» Information provided
┌──

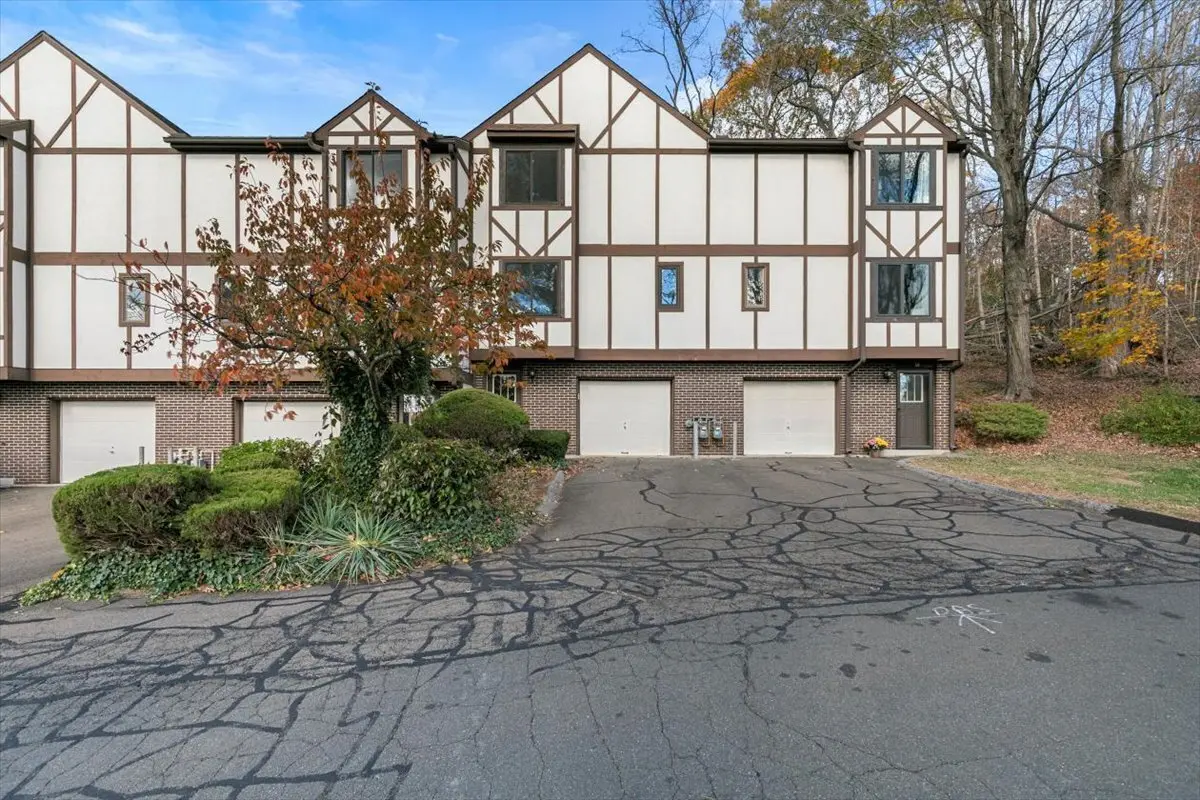 204 New Haven Avenue 2g, Derby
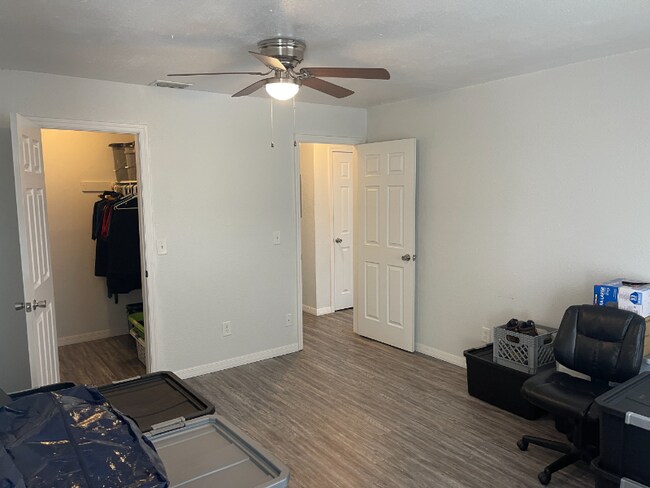 Building Photo - 7210 N Manhattan Ave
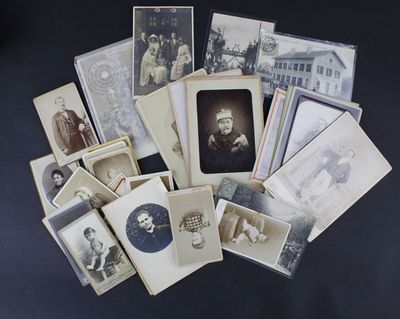 Lot de photographies en noir et blanc (portraits).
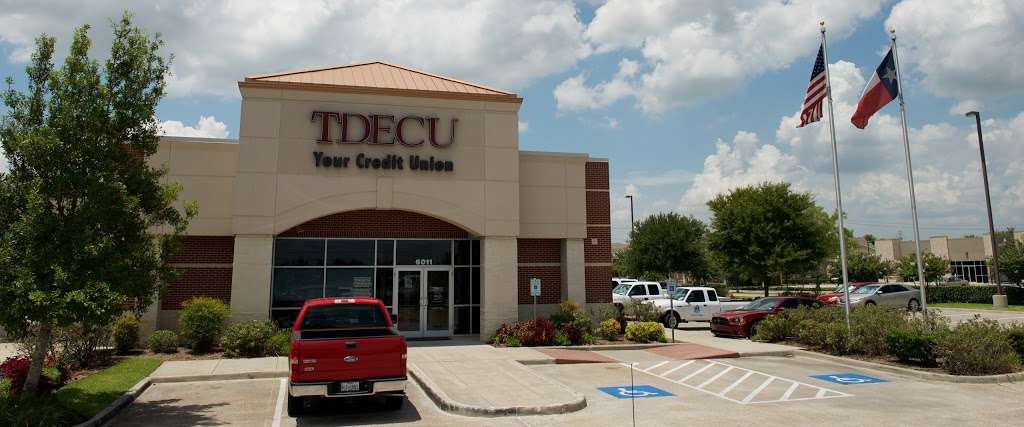 TDECU | 6011 Garth Rd, Baytown, TX 77521, USA | Phone: (800) 839-1154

└──

» Try it
Could you copy exactly, and with no pictures, the lines above from the one containing "Building Photo - 7210 N Manhattan Ave" through the last line, both included?

» Exercise output
 Building Photo - 7210 N Manhattan Ave
 Lot de photographies en noir et blanc (portraits).
 TDECU | 6011 Garth Rd, Baytown, TX 77521, USA | Phone: (800) 839-1154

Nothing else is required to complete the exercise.